GIVEN RECORDS |
════════════════

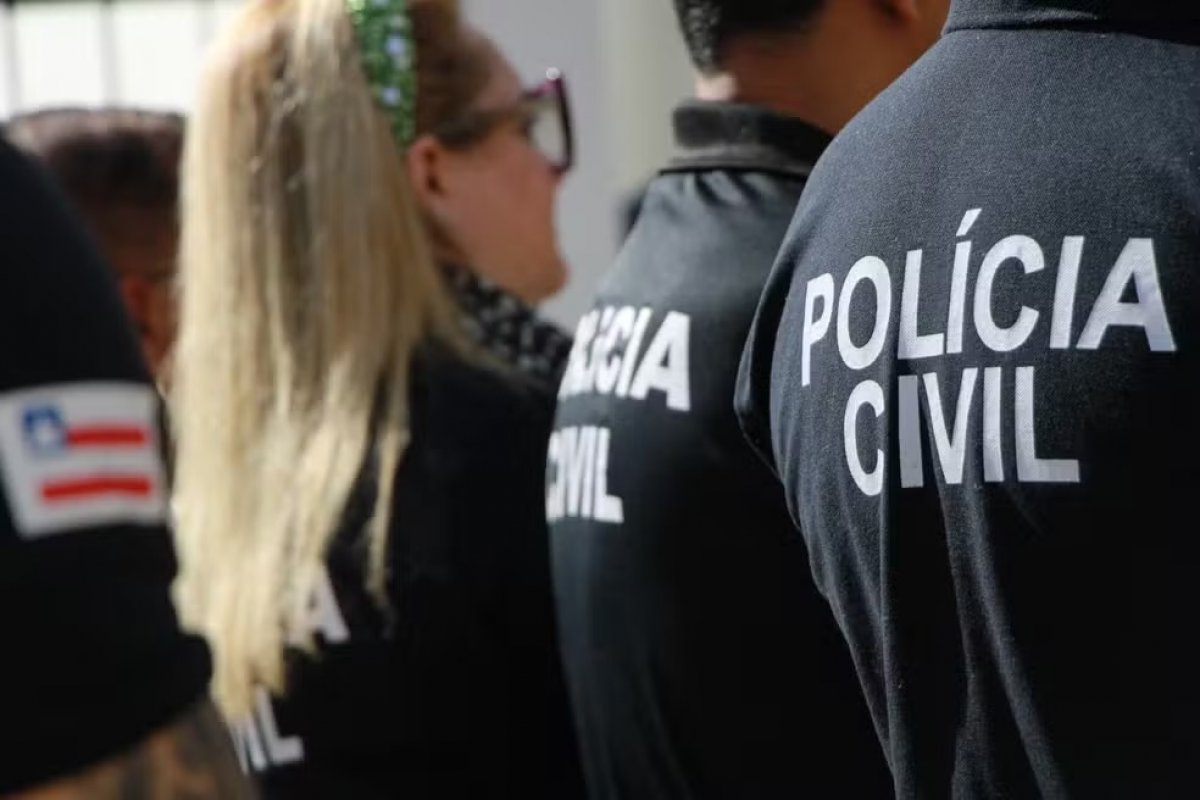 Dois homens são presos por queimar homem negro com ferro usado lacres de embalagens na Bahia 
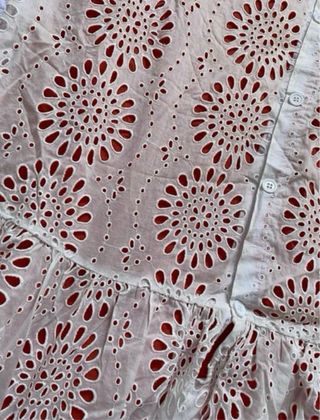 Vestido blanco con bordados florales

════════════════

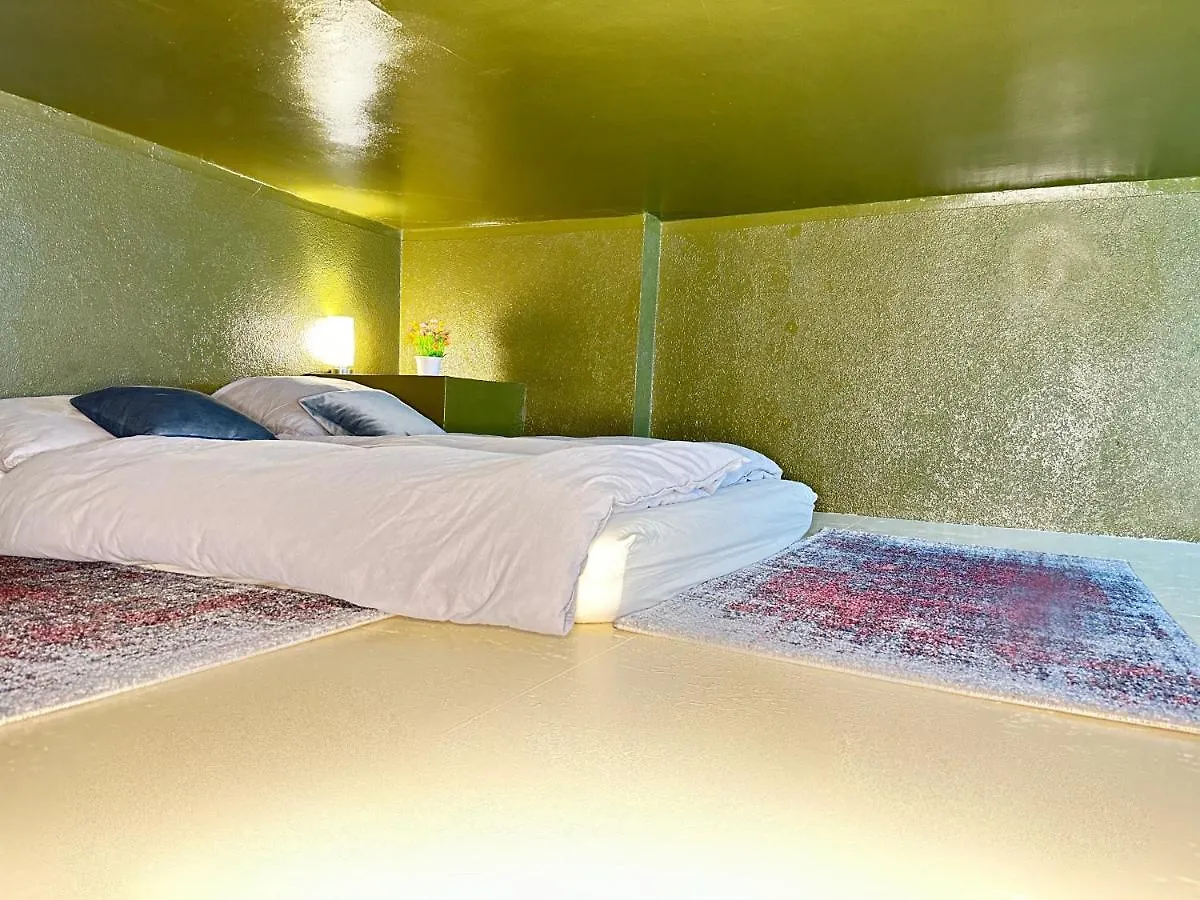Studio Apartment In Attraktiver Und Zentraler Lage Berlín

════════════════

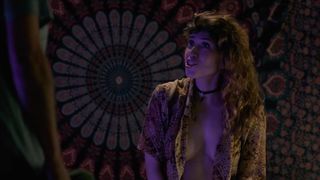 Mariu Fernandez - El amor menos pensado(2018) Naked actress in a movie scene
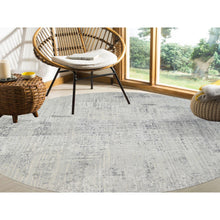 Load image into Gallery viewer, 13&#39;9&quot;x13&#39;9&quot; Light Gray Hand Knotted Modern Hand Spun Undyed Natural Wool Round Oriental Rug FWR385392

════════════════

EXERCISE BRIEF |
Copy out exactly the lines above beginning with the line that contains "Dois homens são" and finishing with the line that contains "Vestido blanco con bordados florales", including both; leave the pictures out.

SOLVED PROBLEM |
 Dois homens são presos por queimar homem negro com ferro usado lacres de embalagens na Bahia 
 Vestido blanco con bordados florales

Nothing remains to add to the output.